- Sport: American football
- Teams: 9
- Top draft pick: Bernie Flowers
- Co-champions: Wisconsin, Purdue
- Season MVP: Paul Giel

Football seasons
- ← 19511953 →

= 1952 Big Ten Conference football season =

The 1952 Big Ten Conference football season was the 57th season of college football played by the member schools of the Big Ten Conference (also known as the Western Conference and the Big Nine Conference) and was a part of the 1952 college football season.

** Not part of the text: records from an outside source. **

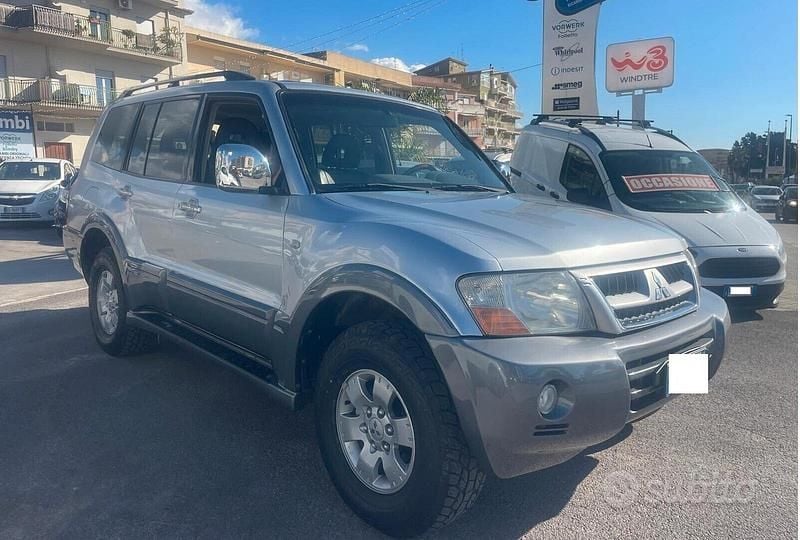 Usata Mitsubishi Pajero Intense 160 CV (117 kW) 2005 Grigio SUV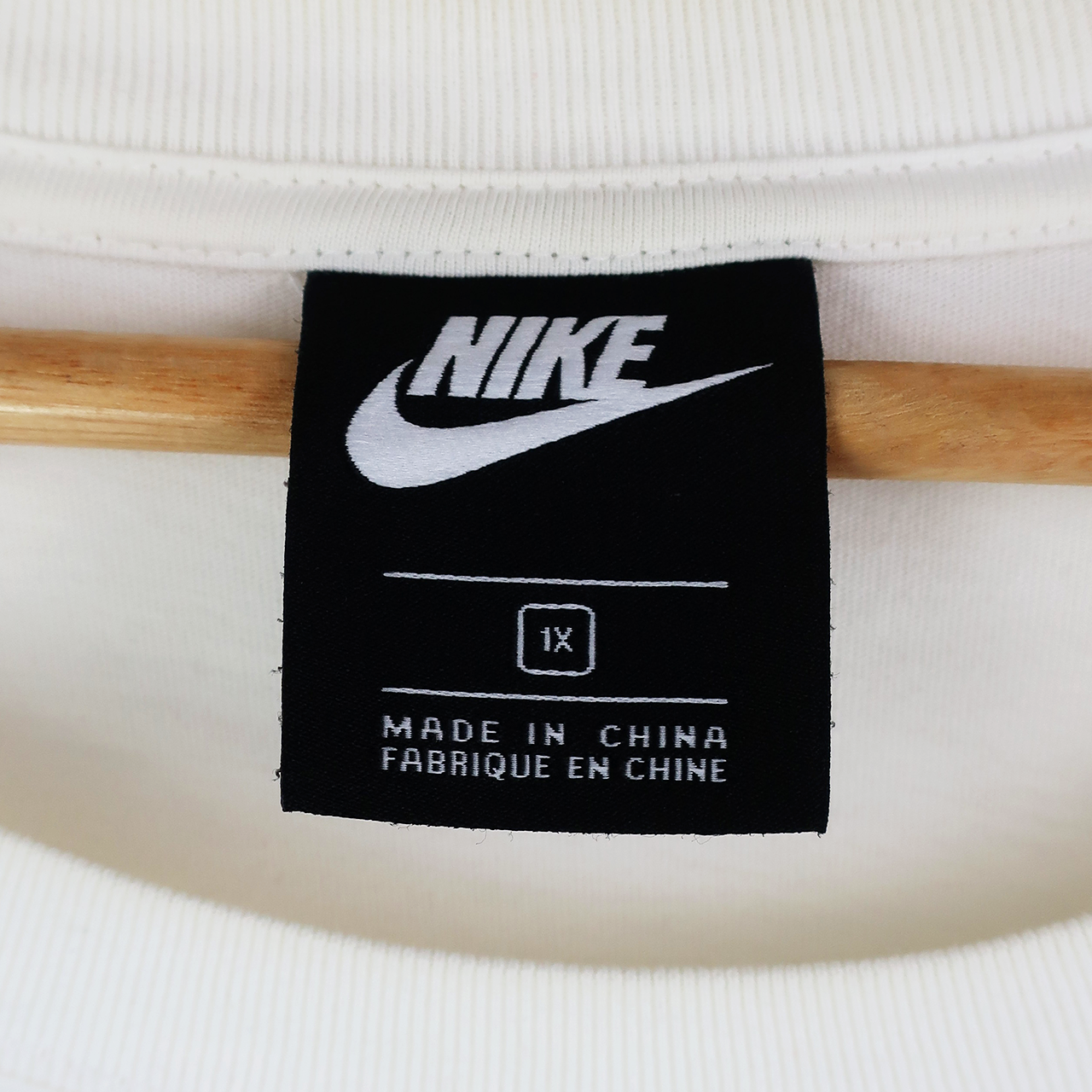 VINTAGE NIKE T-SHIRT - XL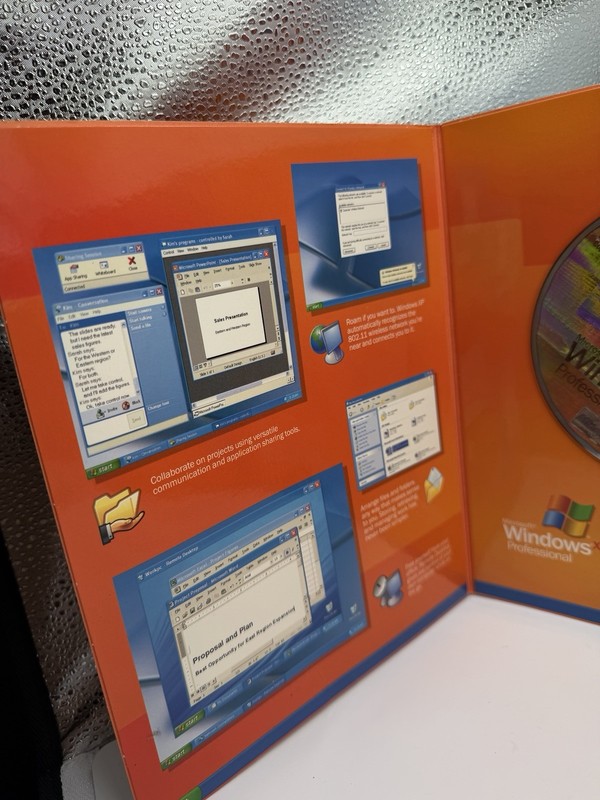 Microsoft Windows XP Professional Upgrade Version 2002 SP2 CIB w/ Product Key gallery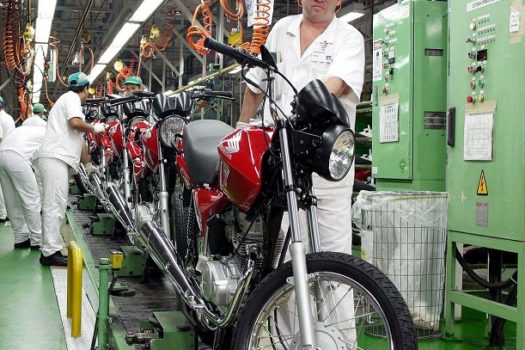 Produção de motocicletas aumenta 13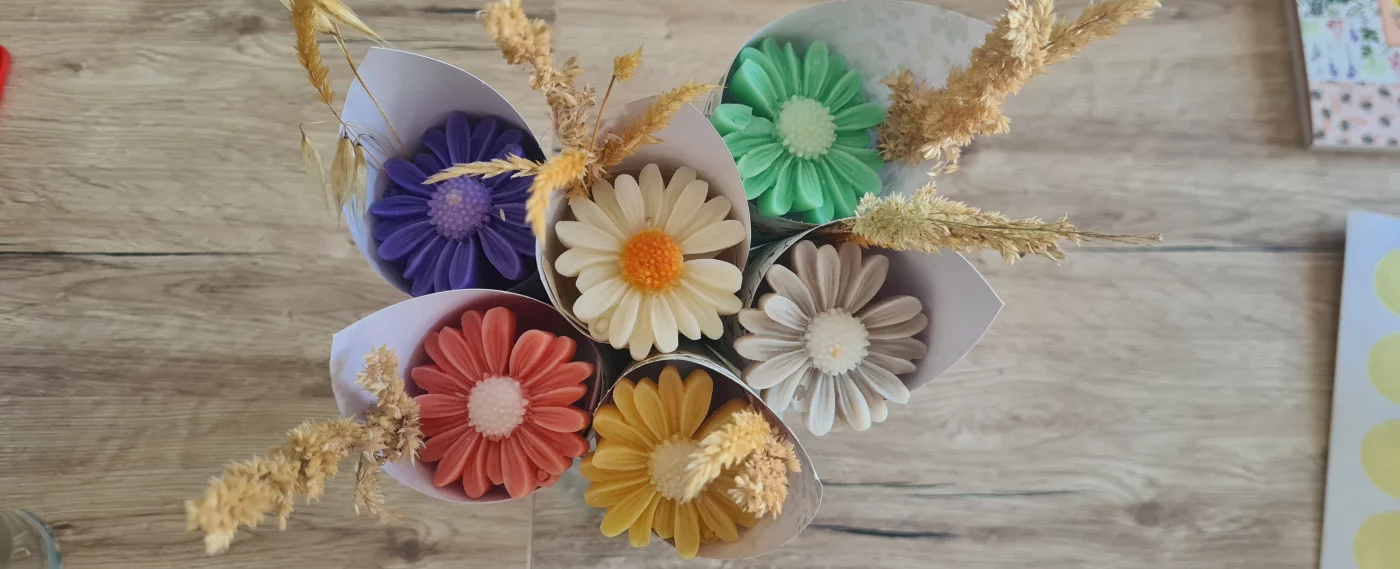 Cires colorées en fusion prêtes à couler, atelier Les Bougies D'em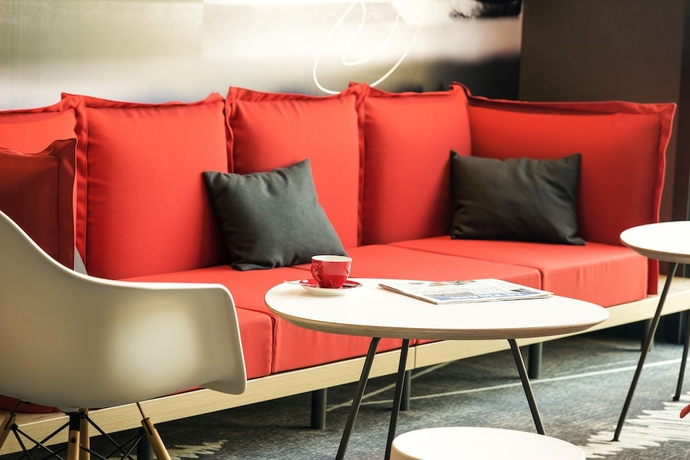 Imagen de los interiores del Hotel Ibis Sisteron. Foto 16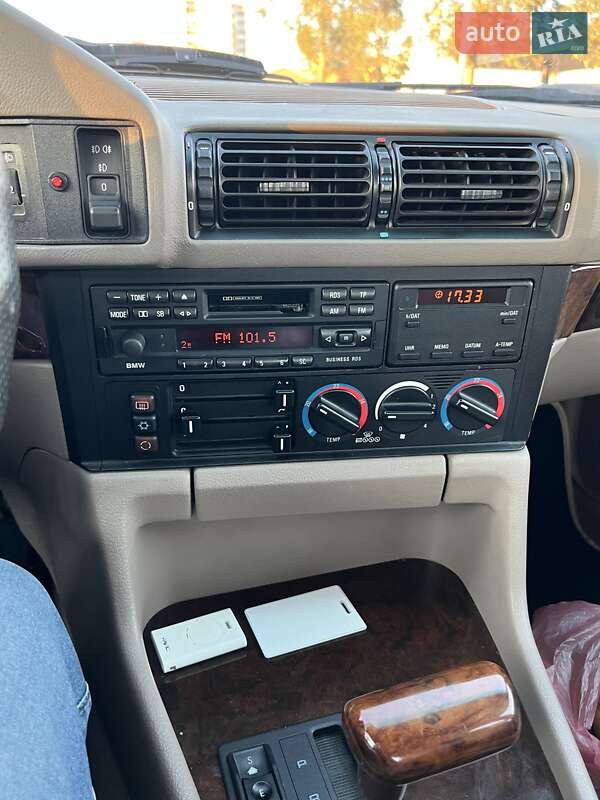 Седан BMW 5 Series 1995 в Киеве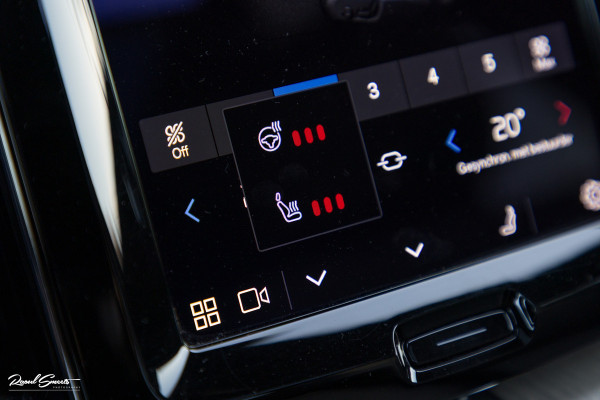 Volvo XC60 2.0 T8 Plug-in hybrid AWD Ultimate Dark Long range | Luchtvering | Bowers&Wilkins | Zwenkbare trekhaak | Panorama dak | Wol interieur |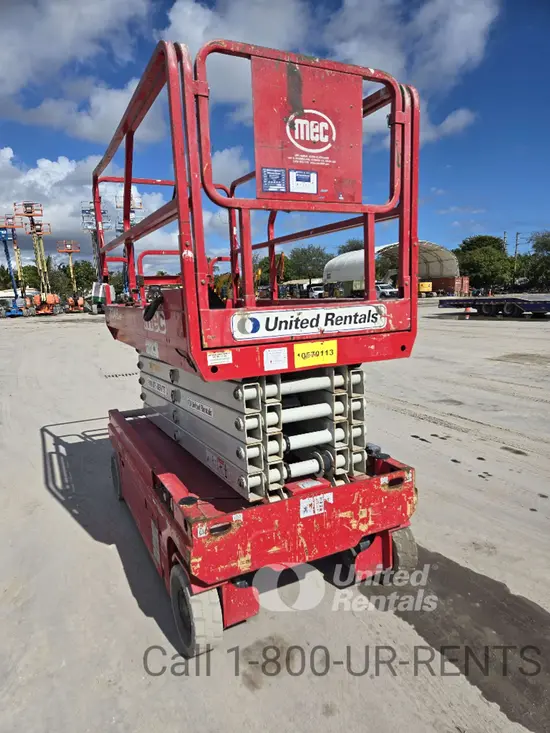 2017 MEC 3346SE Scissor Lift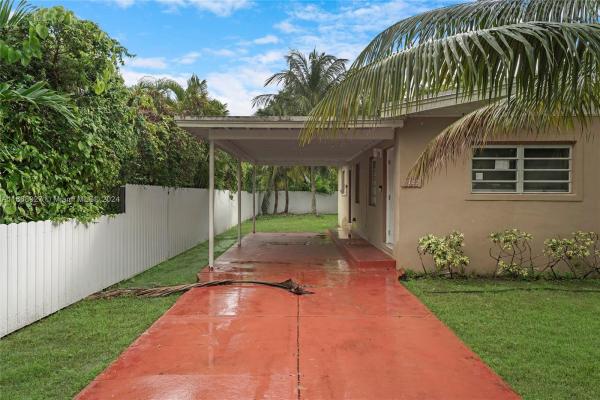 1520 NE 117th St, Unincorporated Dade County, Florida 33161, image 3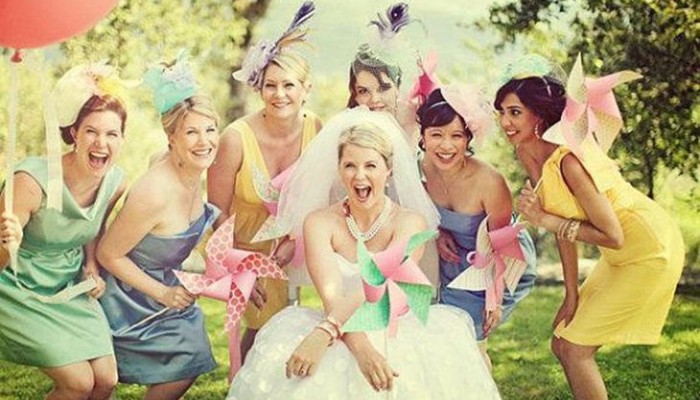 Complementos para invitadas de boda: Toque de glamour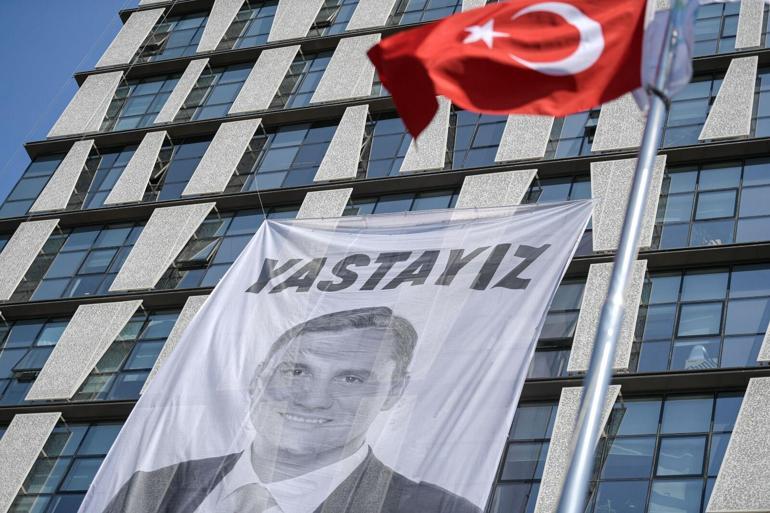Ferdi Zeyrek, Manisada son yolculuğuna uğurlandı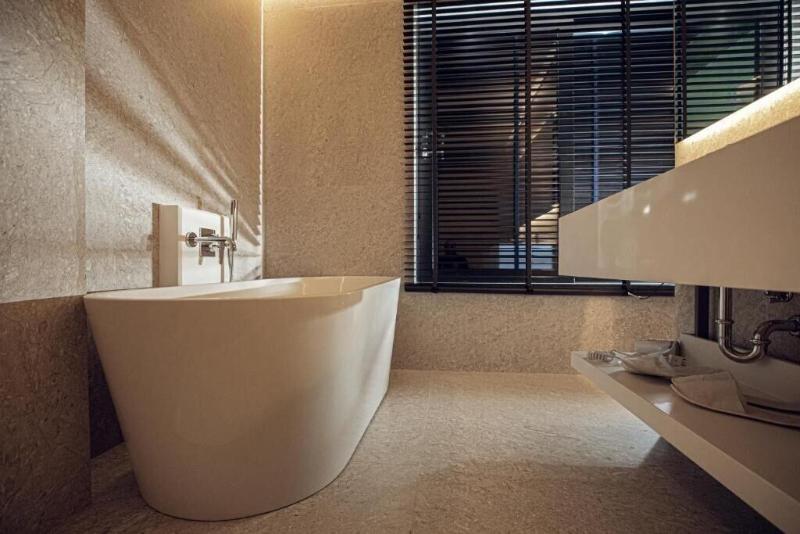 Mazarine Hotel image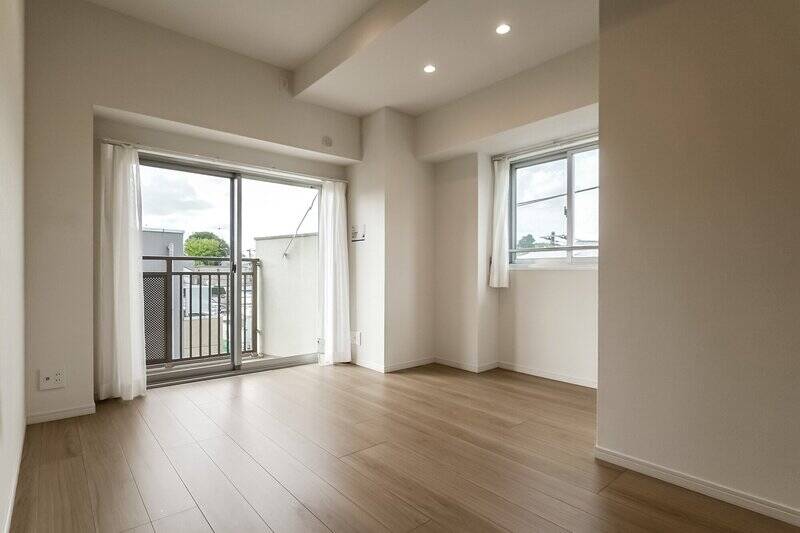 南・西側にそれぞれ窓が設けられており、日中はたっぷり日の光が入りそうです。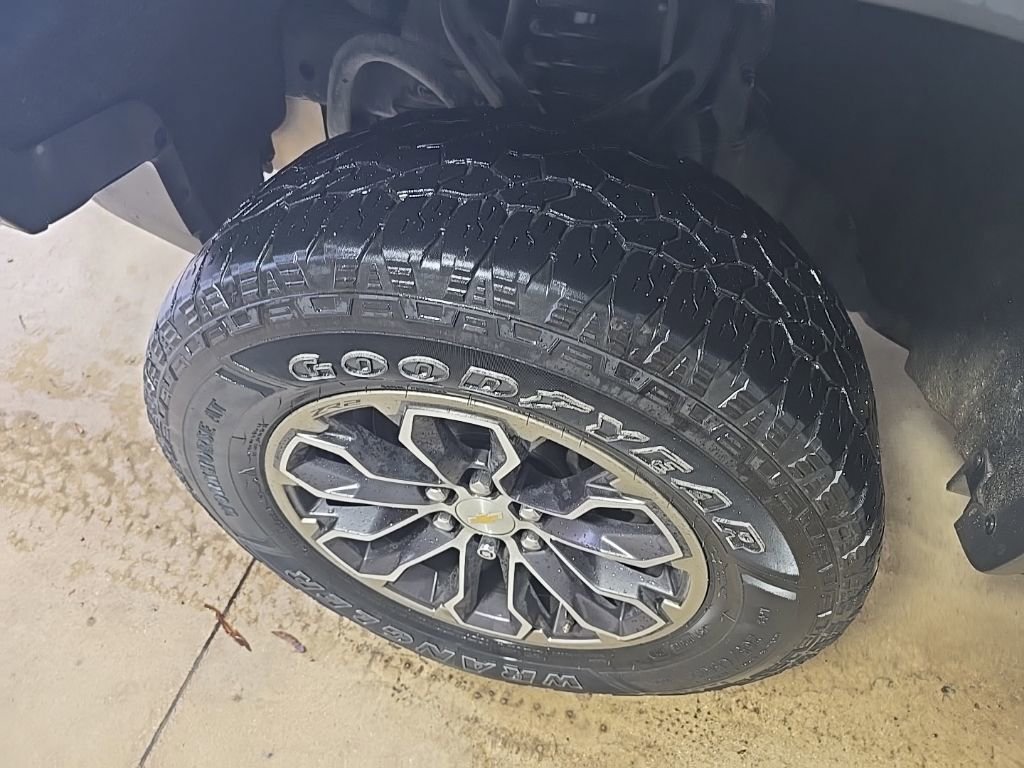 Used 2021 Chevrolet Colorado ZR2 image 15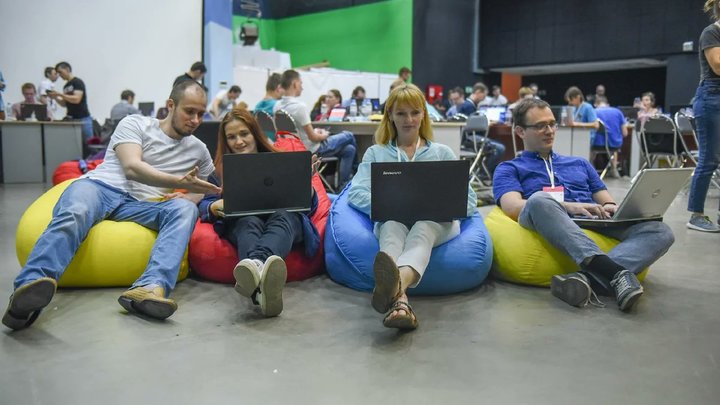 Стендап и программирование: В Алабушево пройдёт масштабный хакатон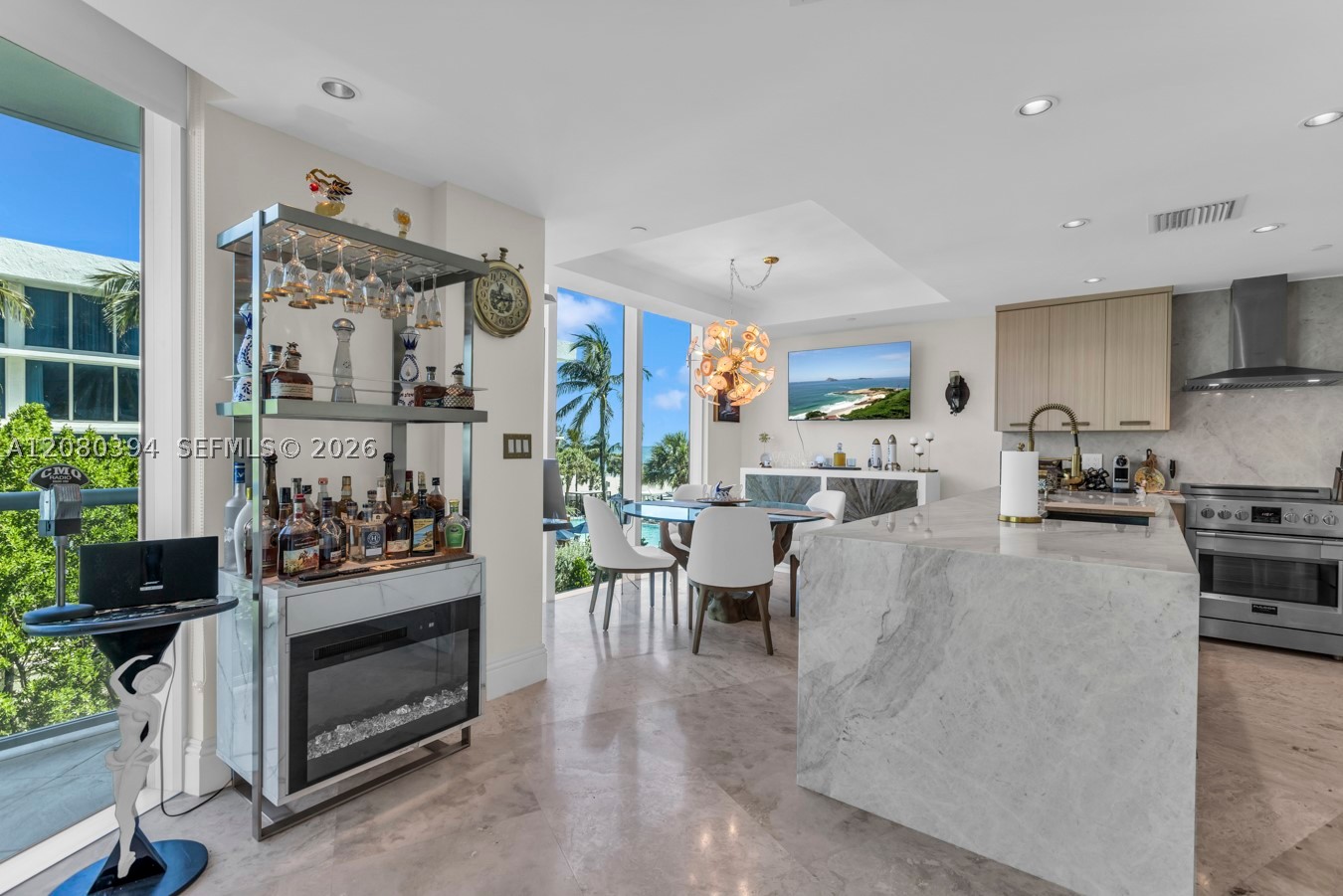 1200 Holiday Dr #208 Fort Lauderdale, FL 33316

The 1952 Wisconsin Badgers football team, under head coach Ivy Williamson, compiled a 6–3–1 record, tied for the Big Ten championship, was ranked No. 10 in the final UP poll and No. 11 in the final AP poll, and lost to USC in the 1953 Rose Bowl. Tackle Dave Suminski was the team's only first-team All-American and was selected as the team's most valuable player. Sophomore Alan Ameche was a first-team All-Big Ten player, set a Wisconsin record with 946 rushing yards, and went on to win the 1954 Heisman Trophy.

The 1952 Purdue Boilermakers football team, under head coach Stu Holcomb, was the Big Ten co-champion and ranked No. 12 in the final UP poll and No. 18 in the final AP poll. Purdue end Bernie Flowers was the Big Ten's only consensus first-team All-American in 1952 and was the first Big Ten player selected in the 1953 NFL draft. Dale Samuels was the first Purdue quarterback to pass for over 1,000 yards in a season.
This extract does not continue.